Top of DATA FOR ANALYSIS
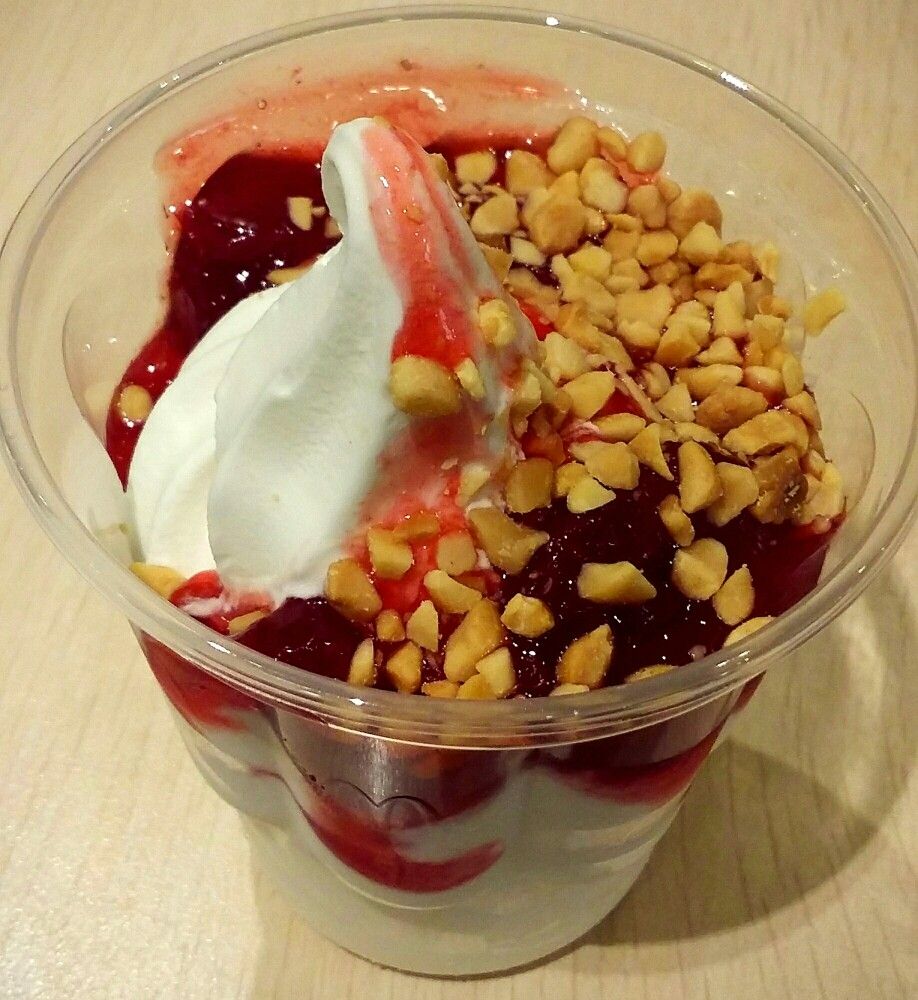 Detail Es Krim Sundae Kfc Nomer 19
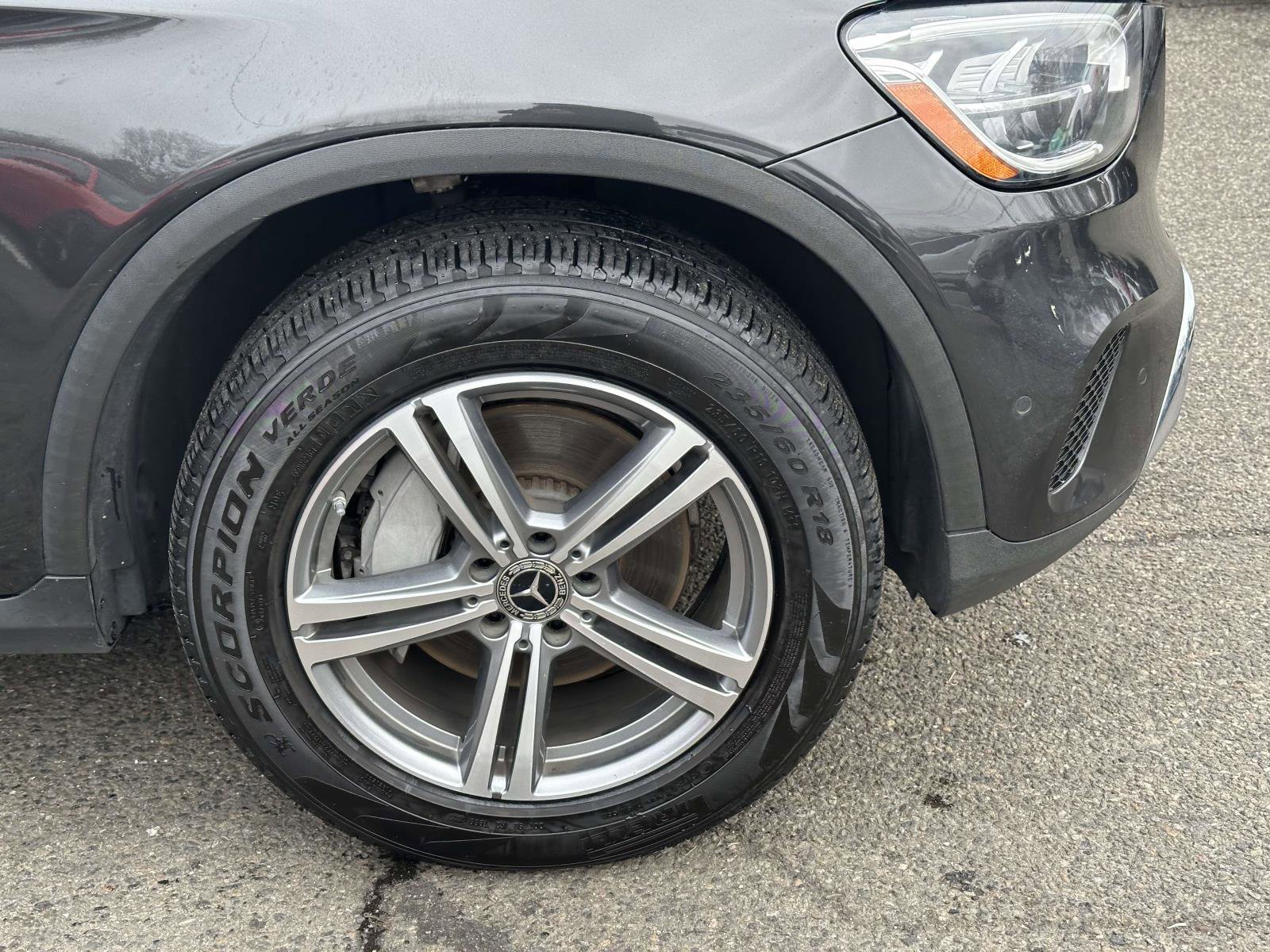 Used 2021 Mercedes-Benz GLC 300 4MATIC image 10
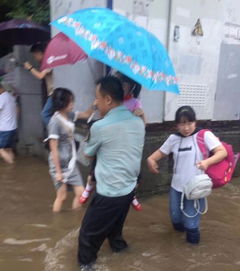 武汉暴雨，家长划桨板接娃的温情瞬间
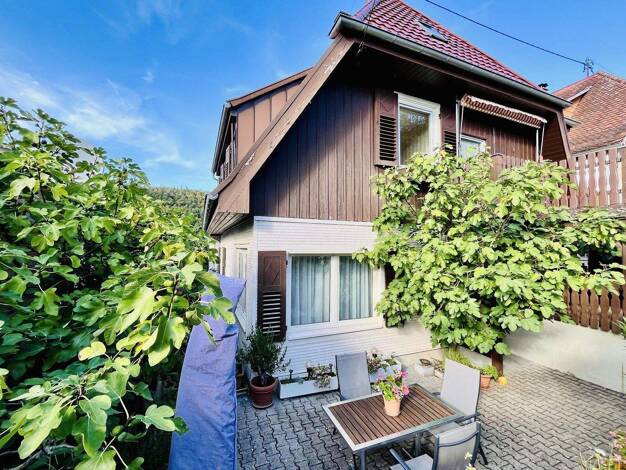 Mehrfamilienhaus zum Kauf provisionsfrei 399.900 € 6 Zimmer 146 m² 1.550 m² Grundstück frei ab 01.05.2026 Neuenbürg 75305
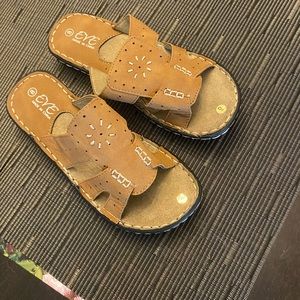 Brand new leather sandals by Eve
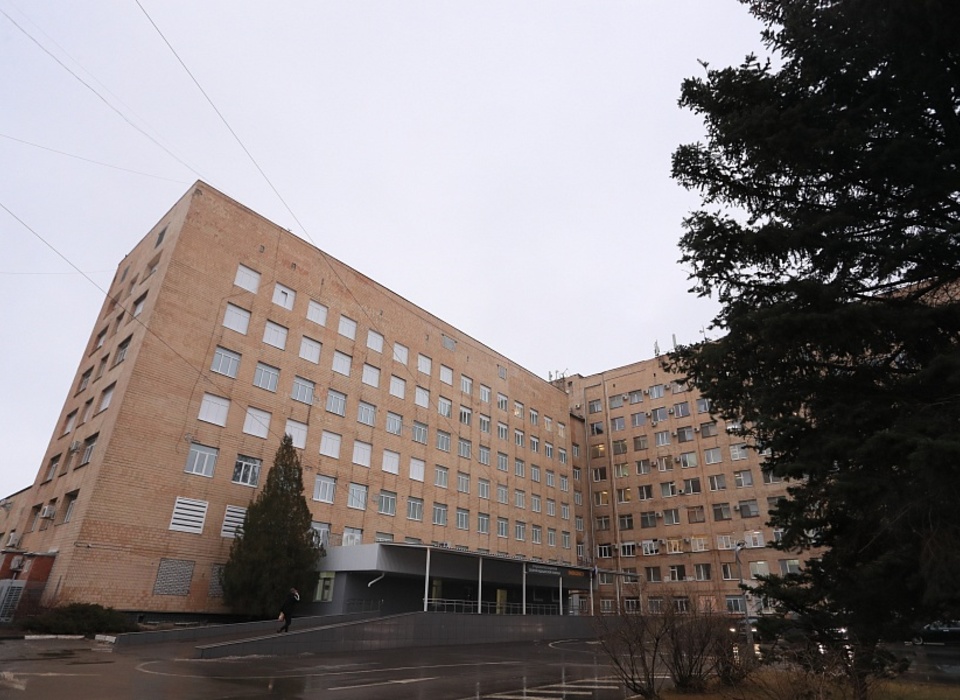 Губернатор Волгоградской области 1 января проверил модернизацию опорной больницы в Волжском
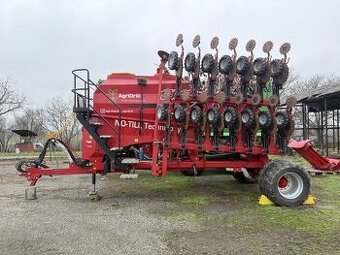 NO-TILL sejací stroj Sumo DD 6 GF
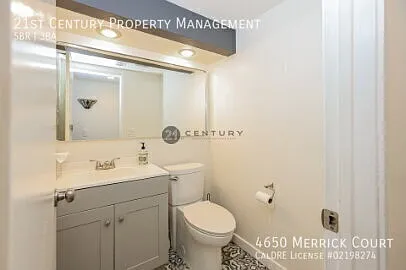 "Spacious 5-Bed Oasis with Fireplace in Oceanside 2,900 Sq Ft of Comfort!" — Photo 4
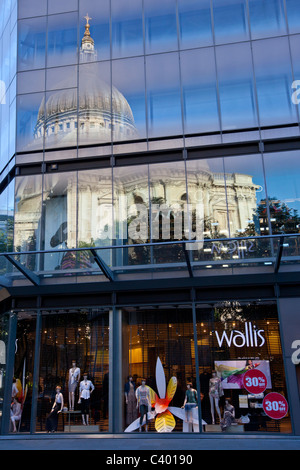 Reflexion der St. Pauls Cathedral Stockfoto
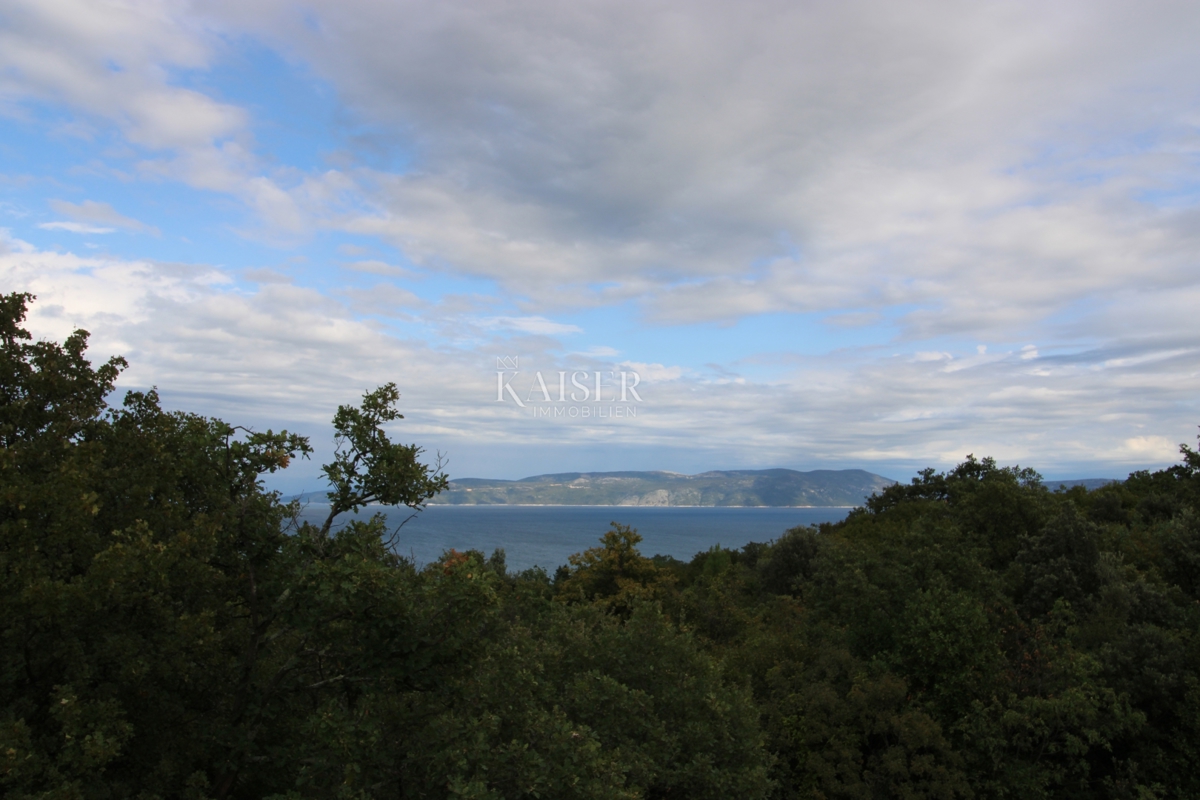 Istra, Rabac - terreno con vista impressionante, 1.015 m2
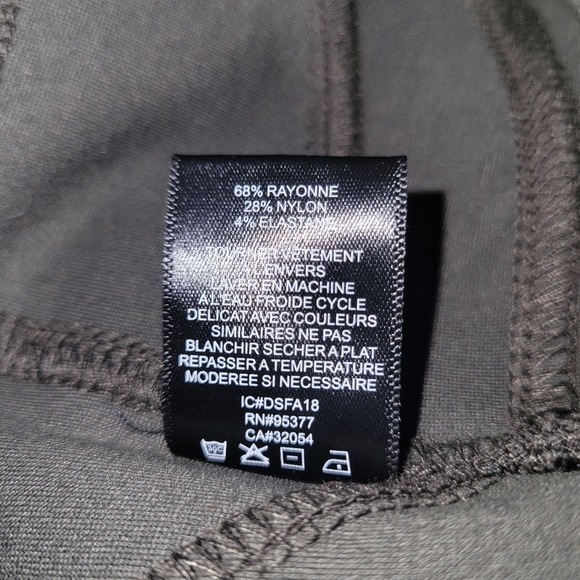 Sanctuary Anthropologie Camouflage Leggings.  Size Medium. Waist 28" Inseam 30" - Picture 10 of 12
Bottom of DATA FOR ANALYSIS
TASK STATEMENT:
Nothing but an exact repeat of the records, pictures excluded, belongs in the answer.

FINISHED EXERCISE:
 Detail Es Krim Sundae Kfc Nomer 19
 Used 2021 Mercedes-Benz GLC 300 4MATIC image 10
 武汉暴雨，家长划桨板接娃的温情瞬间
 Mehrfamilienhaus zum Kauf provisionsfrei 399.900 € 6 Zimmer 146 m² 1.550 m² Grundstück frei ab 01.05.2026 Neuenbürg 75305
 Brand new leather sandals by Eve
 Губернатор Волгоградской области 1 января проверил модернизацию опорной больницы в Волжском
 NO-TILL sejací stroj Sumo DD 6 GF
 "Spacious 5-Bed Oasis with Fireplace in Oceanside 2,900 Sq Ft of Comfort!" — Photo 4
 Reflexion der St. Pauls Cathedral Stockfoto
 Istra, Rabac - terreno con vista impressionante, 1.015 m2
 Sanctuary Anthropologie Camouflage Leggings.  Size Medium. Waist 28" Inseam 30" - Picture 10 of 12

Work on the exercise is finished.